Hi, dh and I have high bmi's, we got it down to 40 in time for the medicals and told them and the agency (and panel) that we arelosing weight. They just want to see you can look after, run around a child and have a good chance of a long life.

Dont worry to much, I drove myself mad with this before panel....there was no need x x


----------



## MummyPea (Jun 11, 2012)

The SW we met at our initial visit was great. I'm overweight but still very active! And that was all she was worried about really. #Am going to join a gym and rejoin slimming world. A little bit to get me fit and healthy but mostly to keep my busy throughout the process.

Best bet is the be able to prove you are trying to have a healthy lifestyle!


----------



## Frangipanii (Nov 21, 2011)

thanks all. Seems I dont have anything to worry about then. I am at about 37 bmi, but have a very active life with a farm and I go to the gym every other day and I have excellent blood pressure and a pulse. feel much happier now. Just need to loose some flab! put on stone and a half durinv ivf and not lost it!! thanks all x x x


----------



## baby0684 (May 20, 2012)

Hey.
I wouldnt worry too much about BMI.

Like the other guys have said, they just want to make sure you are active, and can look after a child.
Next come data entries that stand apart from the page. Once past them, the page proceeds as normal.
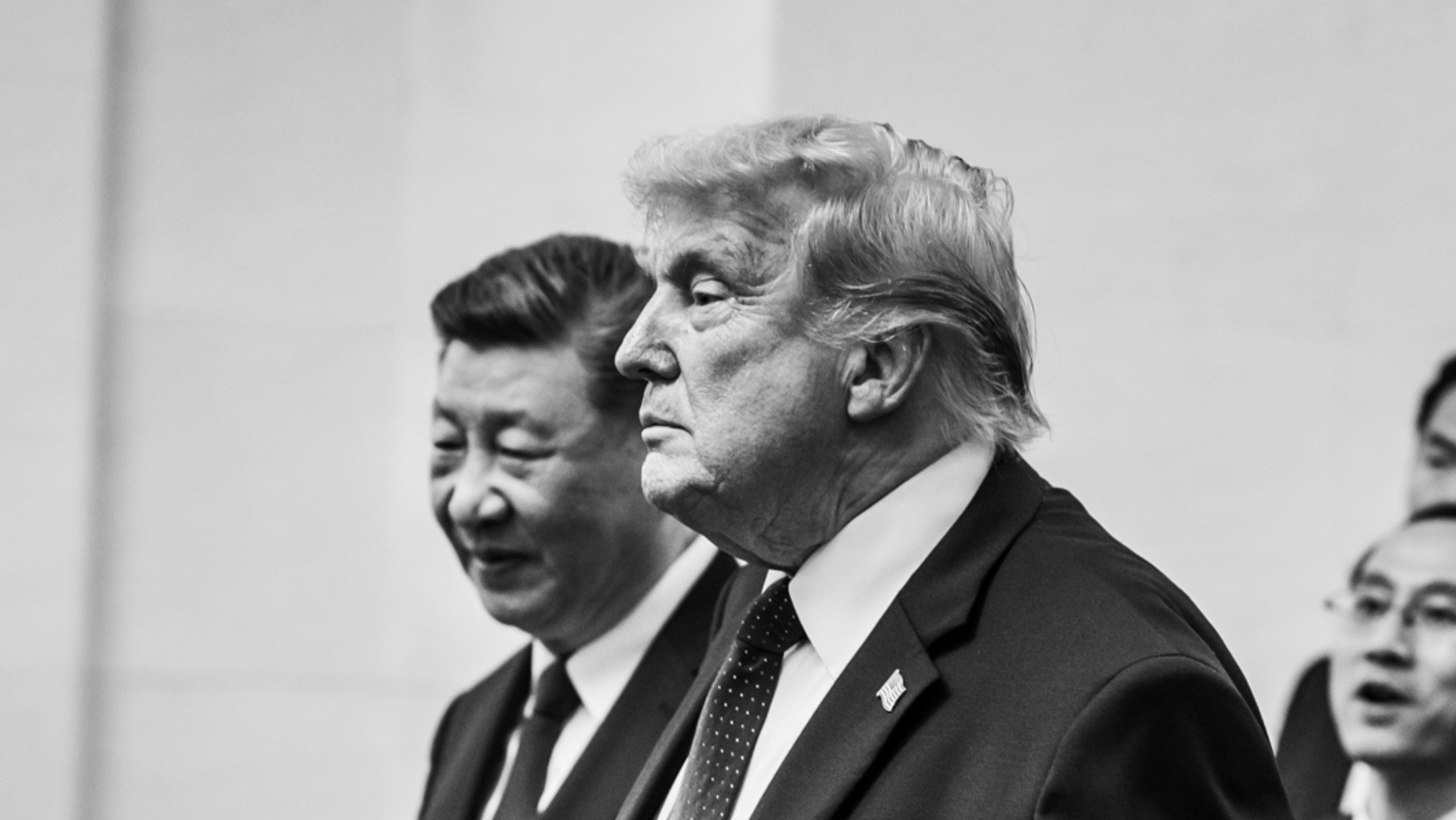 President Trump Says He Told President Xi "We Do a Lot of Stuff to You That You Don't Know About"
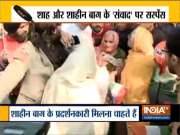 Delhi Police stop Shaheen Bagh protesters from marching to Amit Shah's residence
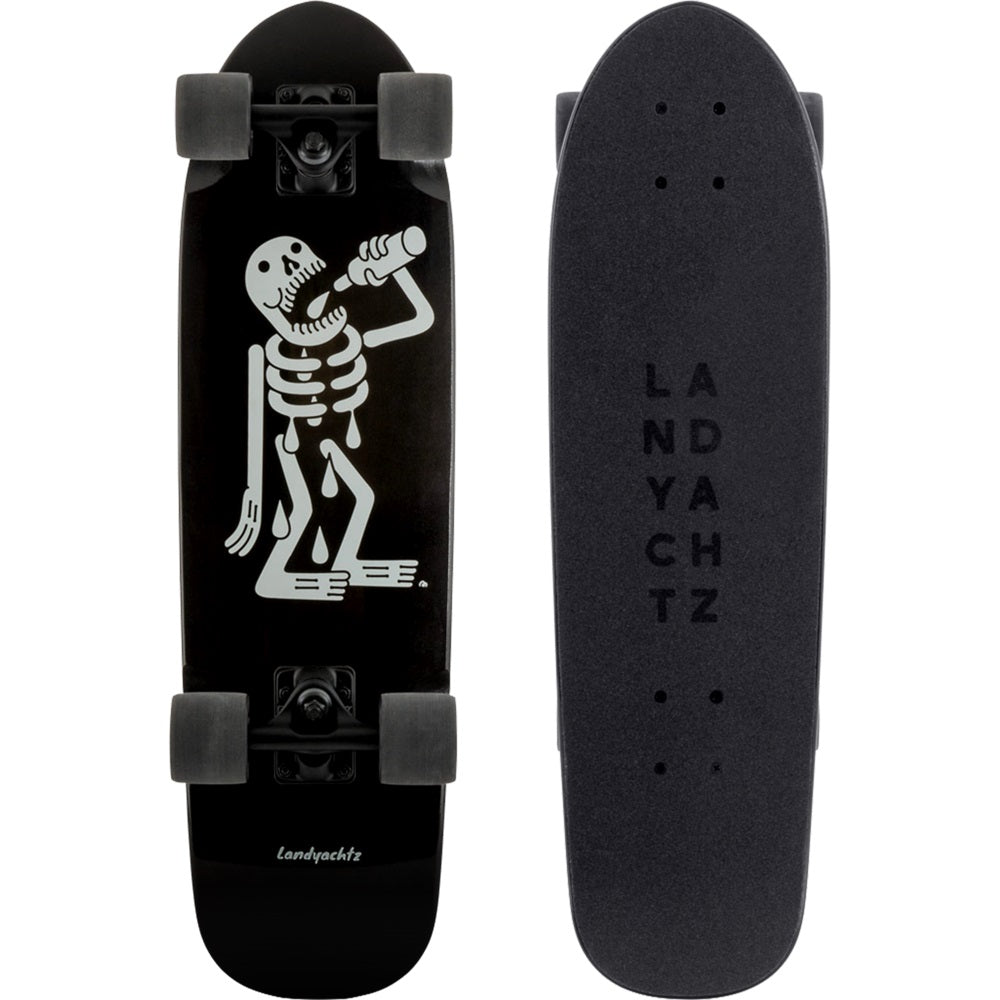 Landyachtz Dinghy Series Skateboard, Skeleton Complete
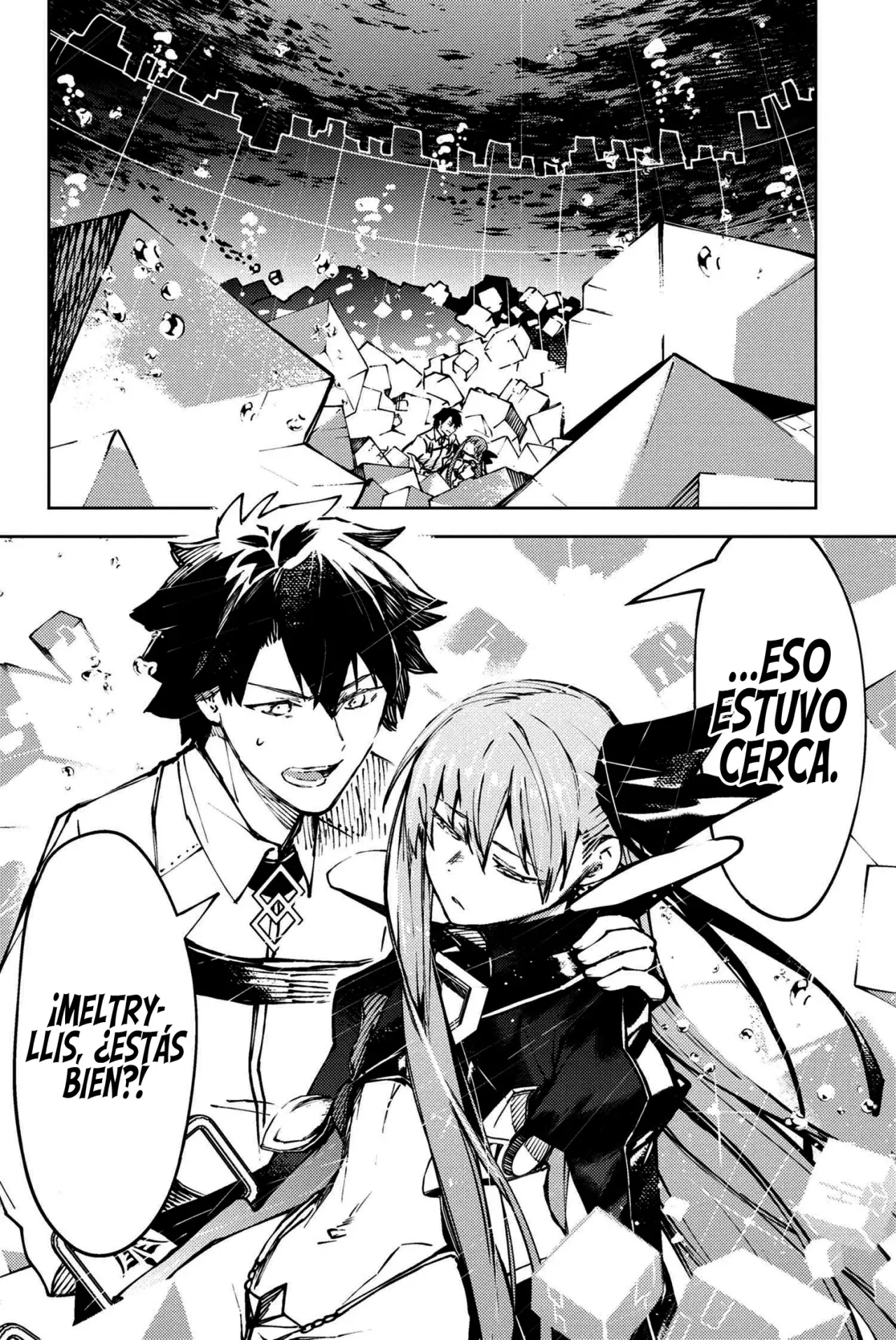 Fate/Grand Order -Epic of Remnant- Deep Sea Cyber-Paradise SE.RA.PH Capitulo 28 página 41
Also bit morbid here, but that you are not going to die soon.

My SW spoke to me about my diet and how active I am.


----------



## sevsxp (Oct 1, 2012)

frangipanii , Dont place too much worry on the BMI figure.....

I am very "cuddly" (20 stone) and my BMI is Morbidly obese, however I play tennis twice a week, and played team sports for 20yrs.

Like everyone has said, as long at you not a 20stone couch potato, and you can show you can run around after the little ones and be an active parent our LA wasnt too bothered.

I had to have a couple of extra medicals, and my weight did go down marginally during home study, and we discussed an "action plan" about my weight during home study, but when it came to panel, it was never mentioned.....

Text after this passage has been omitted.